┌─ RECORD EXTRACTS

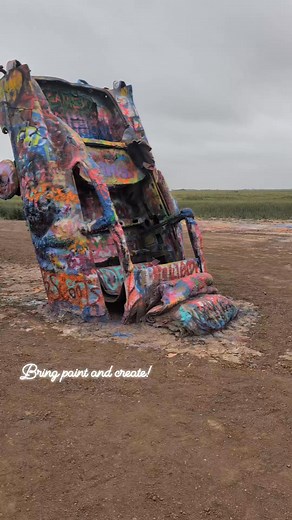 Wanna spray paint cars? Definitely come check out Cadillac Ranch in Amarillo, Texas. the kids finally took me over to see it all on our stop. Make sure to bring a can of paint and enjoy! #crazykleinadventure #amarillotexas #amarillo #cadillac | Emily Gerlach Klein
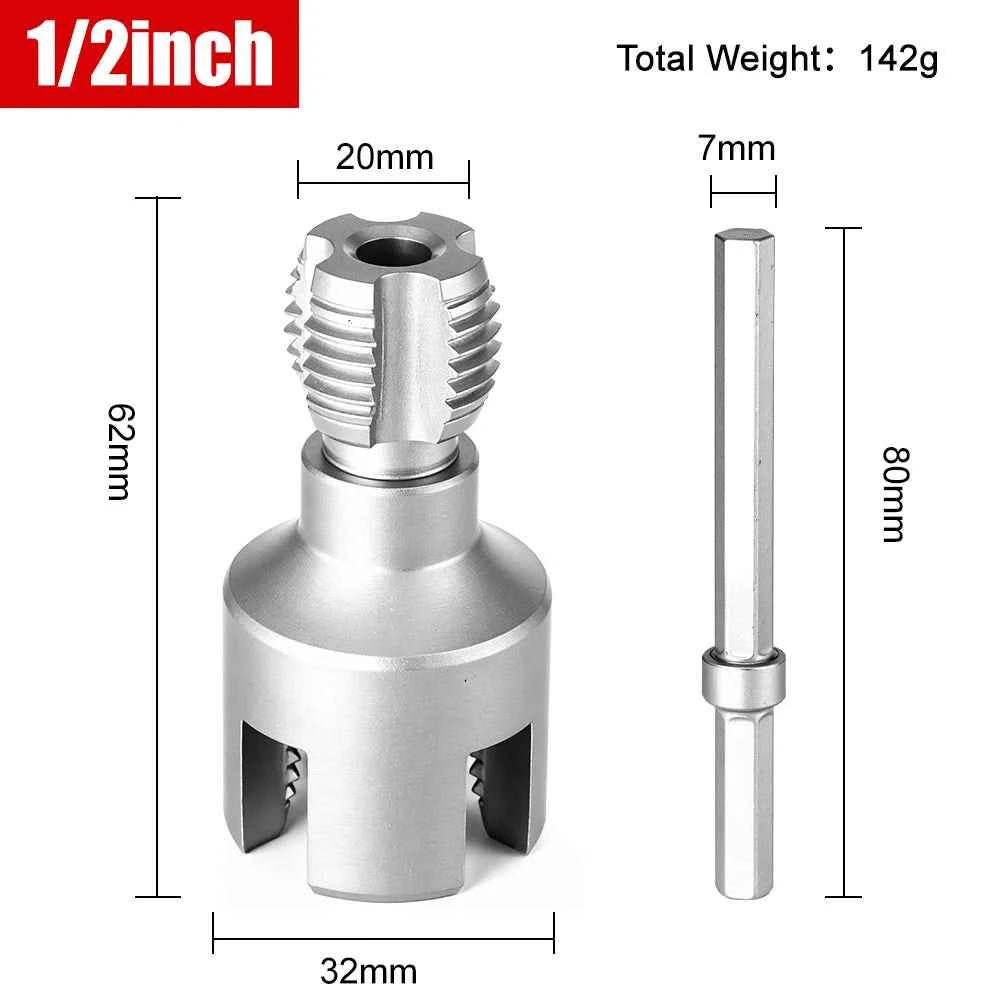 Professional Hex Shank Pipe Threading Tool | Internal & External Die Set for 1/2", 3/4" & 1" Pipes
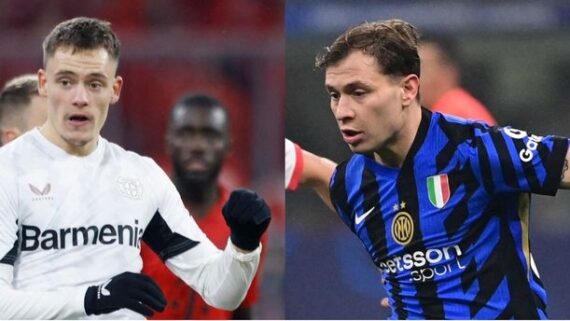 Wirtz, do Bayer Leverkusen, e Barella, da Internazionale (foto: Michaela STACHE / AFP e PIERO CRUCIATTI / AFP)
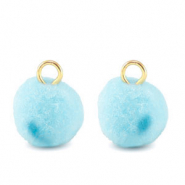 colgantes pompón con anilla 10mm Dorado-azul aquamarina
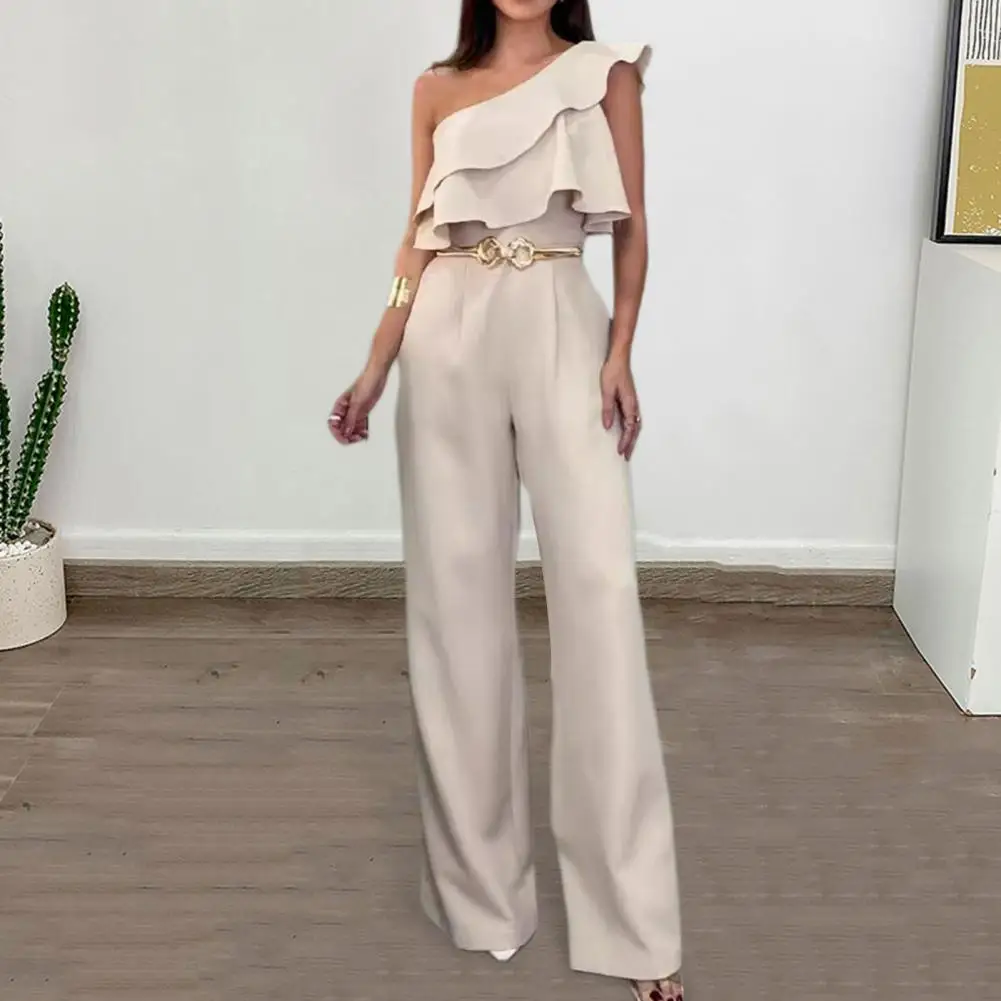 Women Jumpsuit Elegant One Shoulder Ruffle Jumpsuit for Women Stylish High Waist Wide Leg Summer Jumpsuit with Slim Fit for A
Women Jumpsuit Elegant One Shoulder Ruffle Jumpsuit for Women Stylish High Waist Wide Leg Summer Jumpsuit with Slim Fit for A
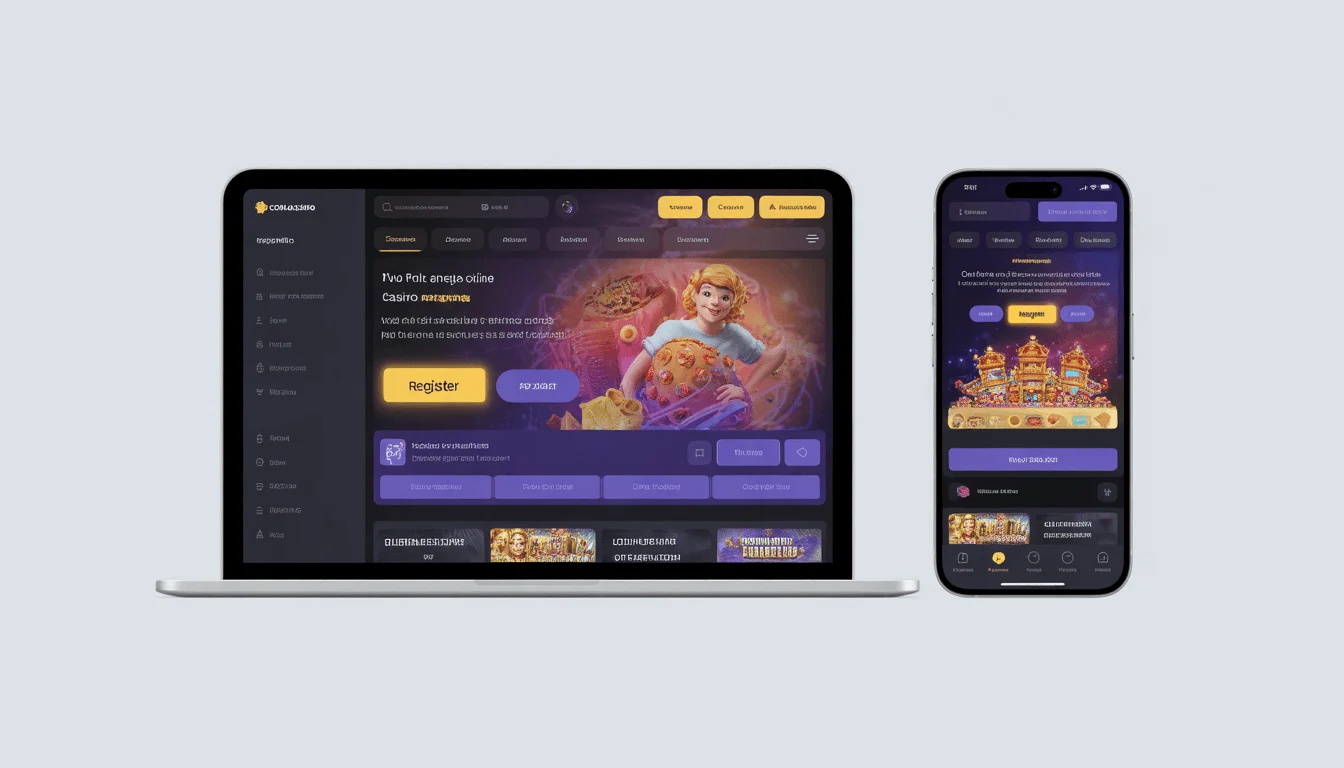 PHLWin registration options showing desktop website and mobile app side by side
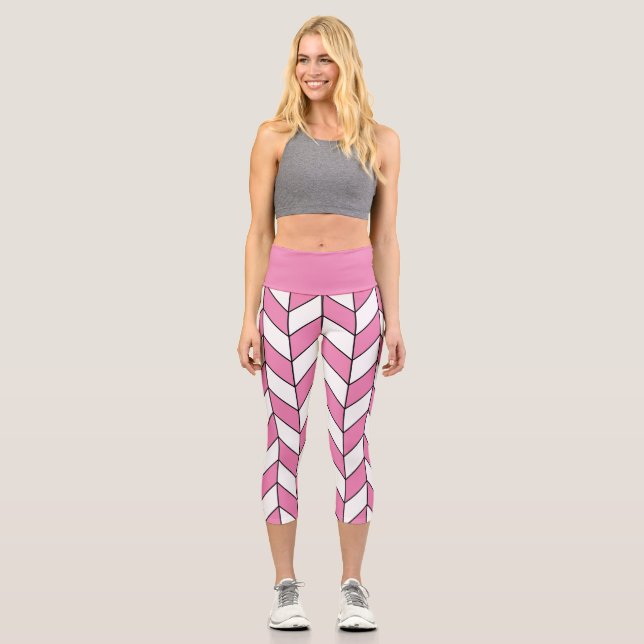Modern Pink White Herringbone Chevron Pattern Capri Leggings (Front)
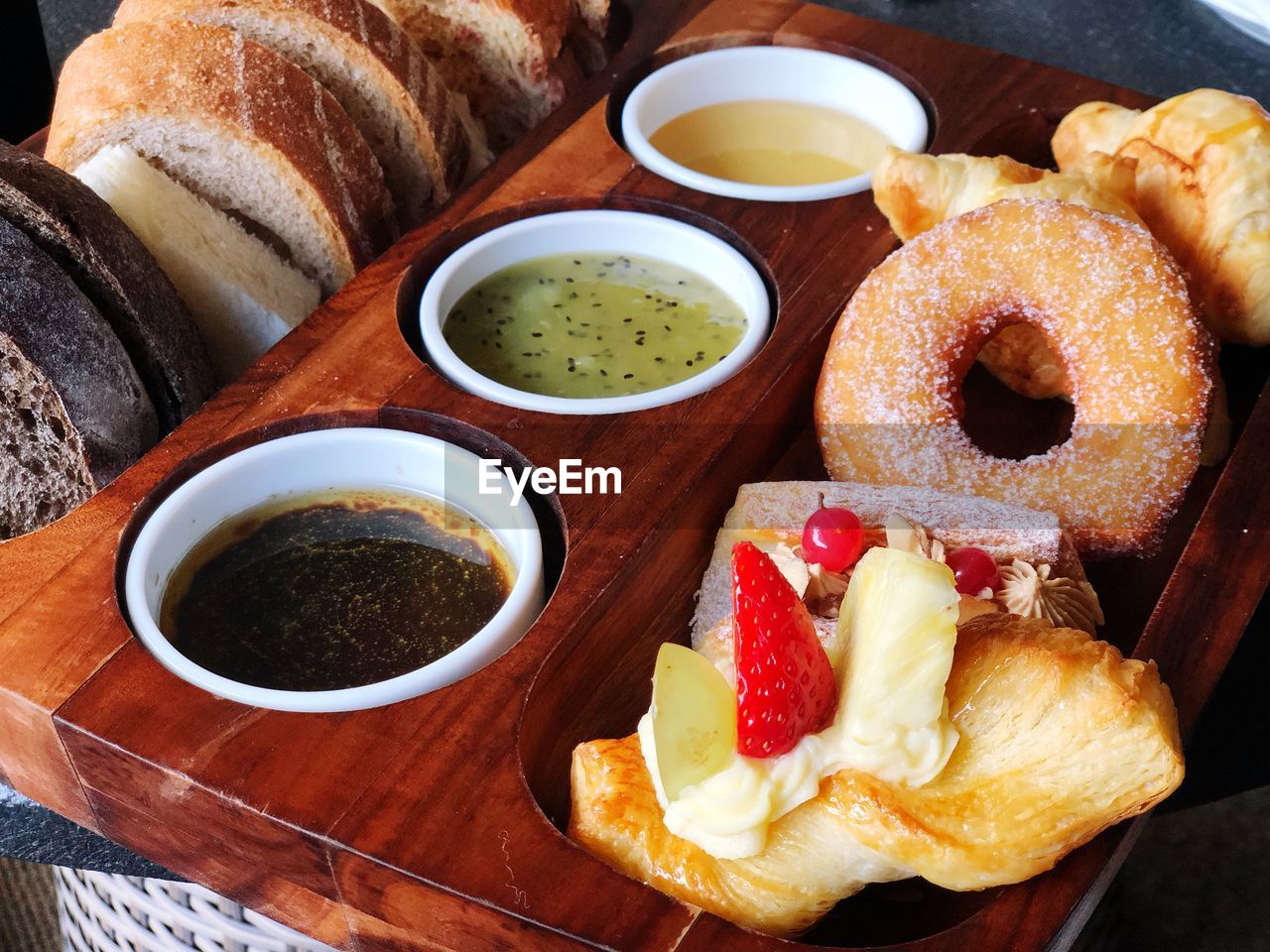 High angle view of breakfast on table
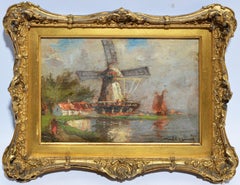 Antique Dutch Windmill Landscape Oil Painting with Figures by Walter Lansil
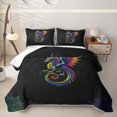 thumbnail image 1 of Manfei Vintage Rainbow Dragon Animals Quilt Full,Retro Flower Full Bedspread Sets,Black,3pcs,1 Coverlet and 2 Pillowcases, 1 of 7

└─

**WHAT THIS TASK INVOLVES**
Each record above should come back exactly the same, only without its pictures.

**TASK RESULT**
 Wanna spray paint cars? Definitely come check out Cadillac Ranch in Amarillo, Texas. the kids finally took me over to see it all on our stop. Make sure to bring a can of paint and enjoy! #crazykleinadventure #amarillotexas #amarillo #cadillac | Emily Gerlach Klein
 Professional Hex Shank Pipe Threading Tool | Internal & External Die Set for 1/2", 3/4" & 1" Pipes
 Wirtz, do Bayer Leverkusen, e Barella, da Internazionale (foto: Michaela STACHE / AFP e PIERO CRUCIATTI / AFP)
 colgantes pompón con anilla 10mm Dorado-azul aquamarina
 Women Jumpsuit Elegant One Shoulder Ruffle Jumpsuit for Women Stylish High Waist Wide Leg Summer Jumpsuit with Slim Fit for A
Women Jumpsuit Elegant One Shoulder Ruffle Jumpsuit for Women Stylish High Waist Wide Leg Summer Jumpsuit with Slim Fit for A
 PHLWin registration options showing desktop website and mobile app side by side
Modern Pink White Herringbone Chevron Pattern Capri Leggings (Front)
 High angle view of breakfast on table
 Antique Dutch Windmill Landscape Oil Painting with Figures by Walter Lansil
 thumbnail image 1 of Manfei Vintage Rainbow Dragon Animals Quilt Full,Retro Flower Full Bedspread Sets,Black,3pcs,1 Coverlet and 2 Pillowcases, 1 of 7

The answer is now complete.